··· Material supplied
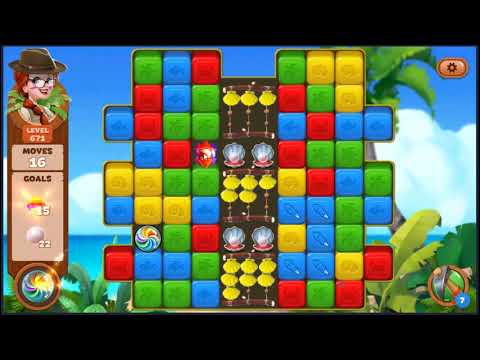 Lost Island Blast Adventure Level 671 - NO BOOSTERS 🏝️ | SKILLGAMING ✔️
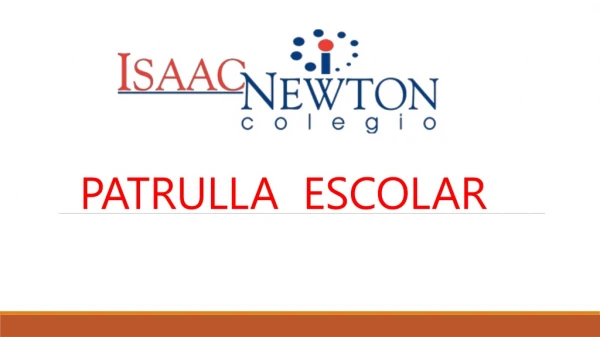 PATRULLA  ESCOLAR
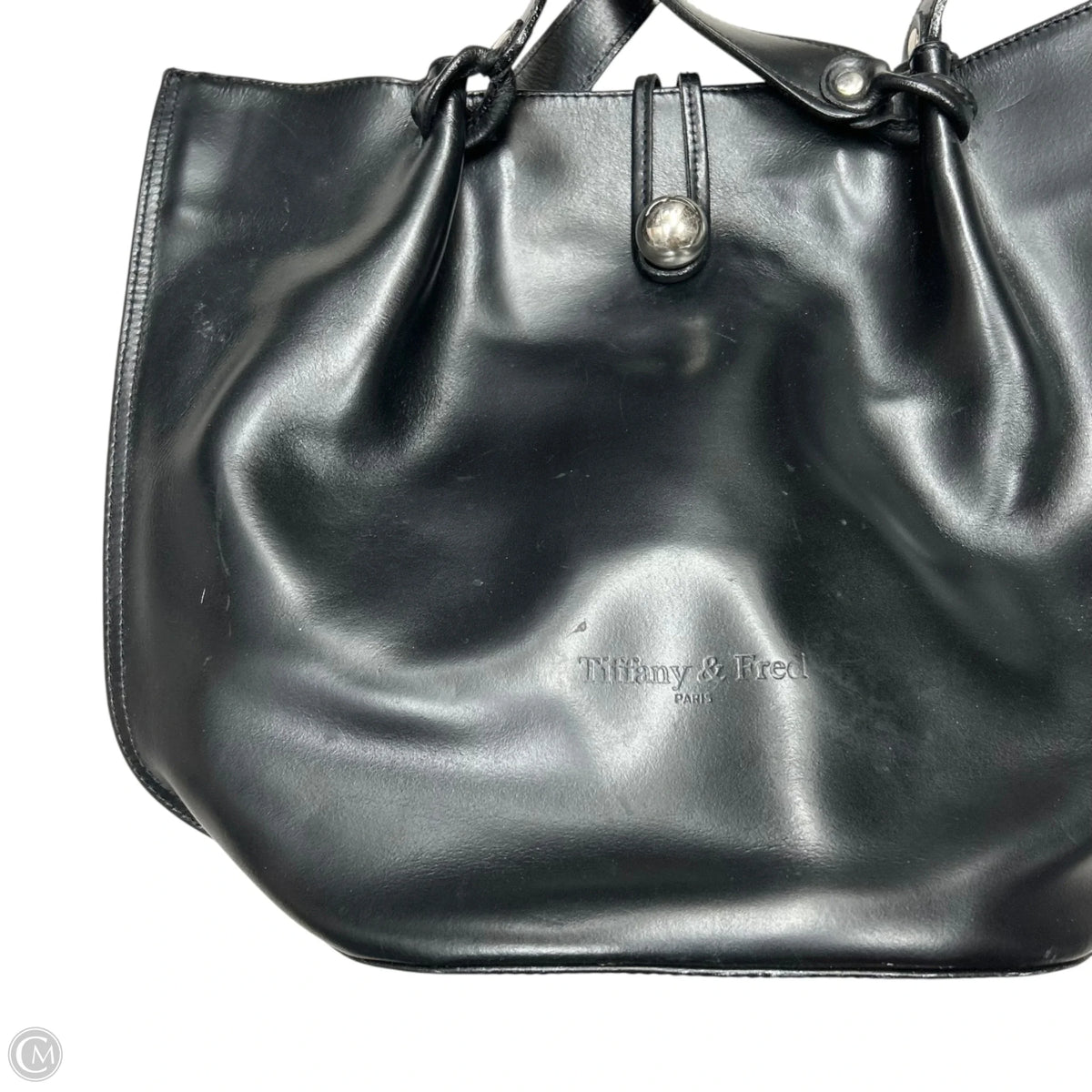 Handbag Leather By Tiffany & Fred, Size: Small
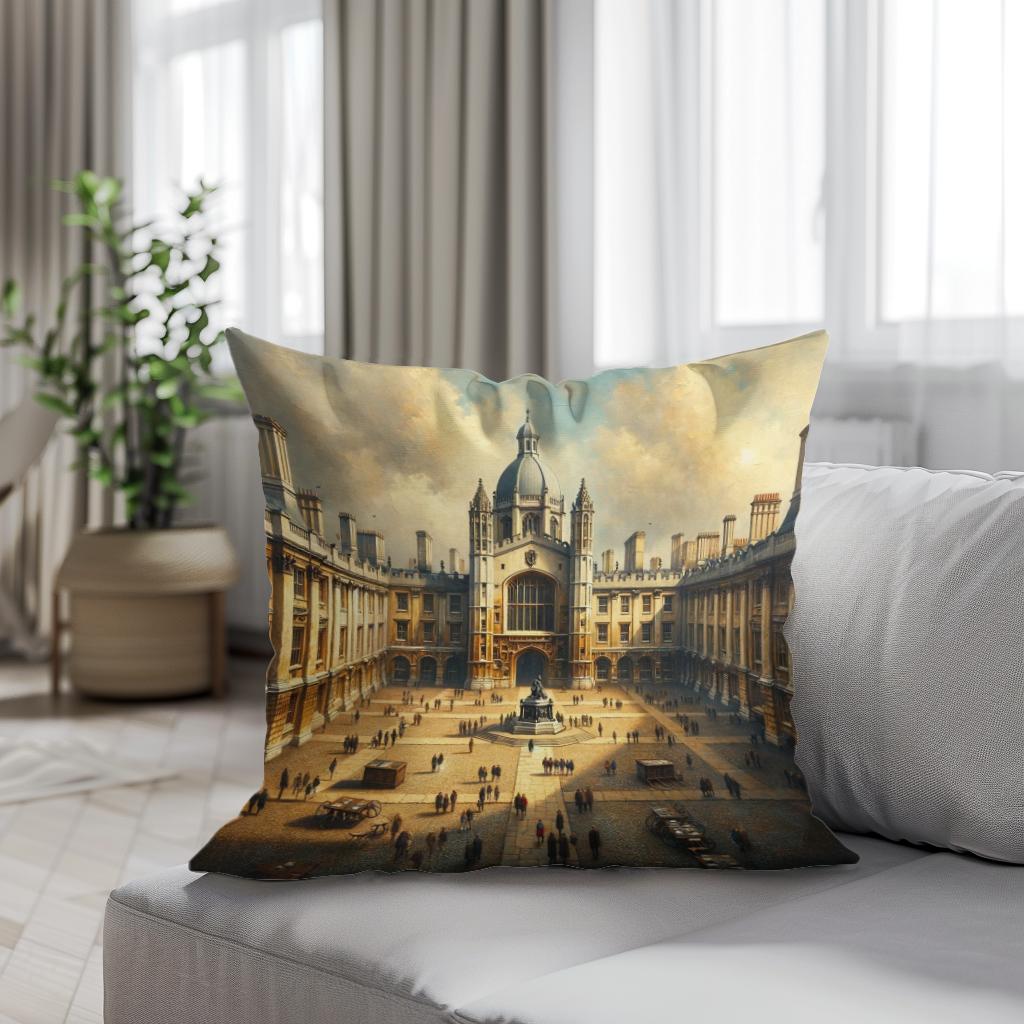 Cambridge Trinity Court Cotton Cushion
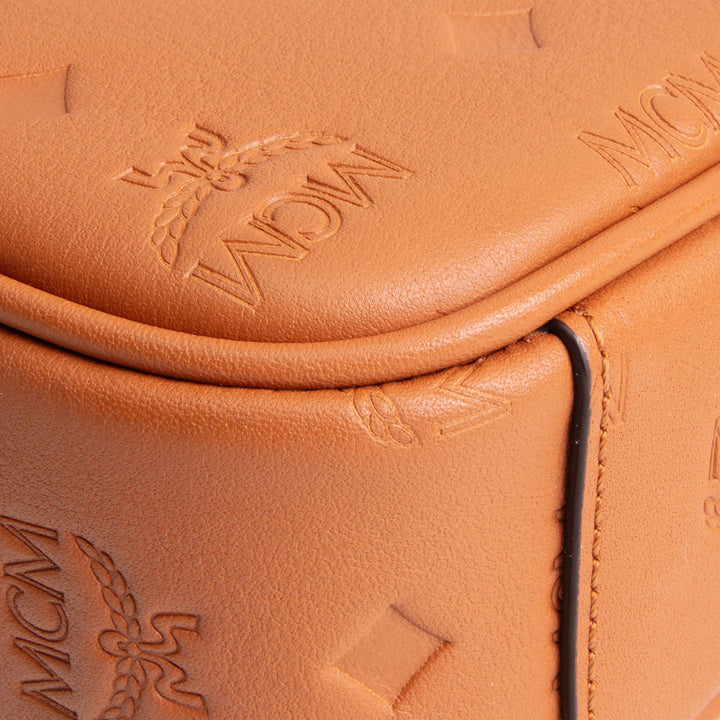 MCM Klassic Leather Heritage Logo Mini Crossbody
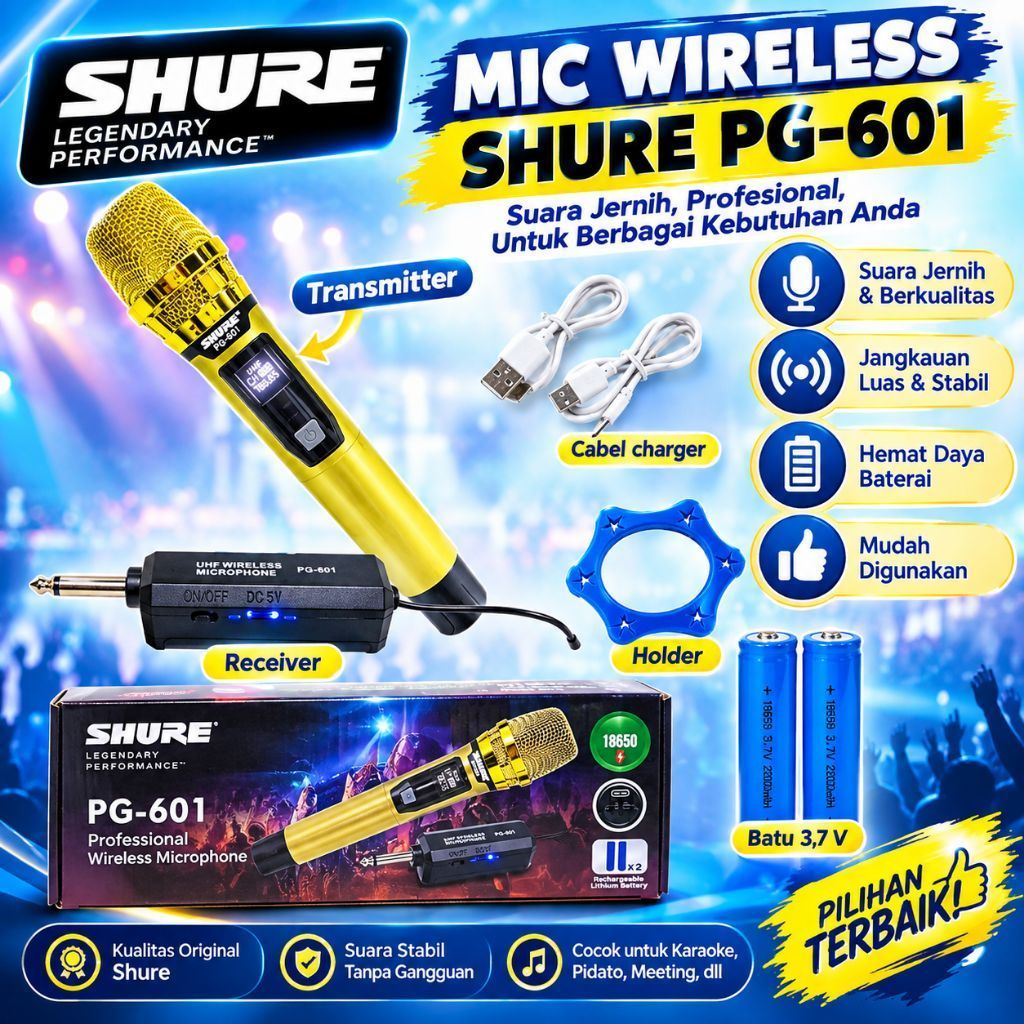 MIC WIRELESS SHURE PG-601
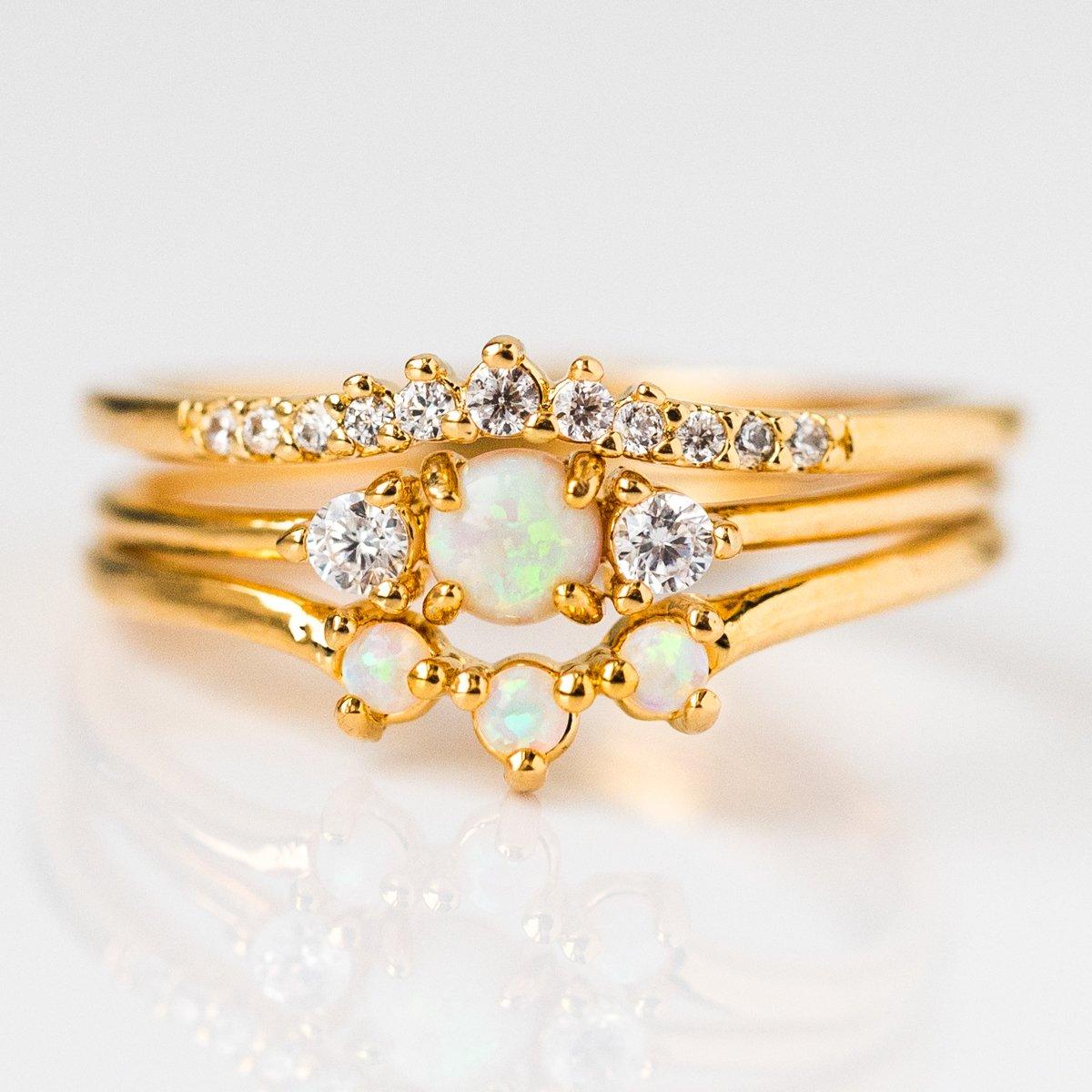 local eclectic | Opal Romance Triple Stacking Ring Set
······
About this task: Repeat exactly the lines from the one holding "MIC WIRELESS SHURE PG-601" through the last line of the entries, both included; the pictures do not belong in the copy.

Completed exercise:
 MIC WIRELESS SHURE PG-601
 local eclectic | Opal Romance Triple Stacking Ring Set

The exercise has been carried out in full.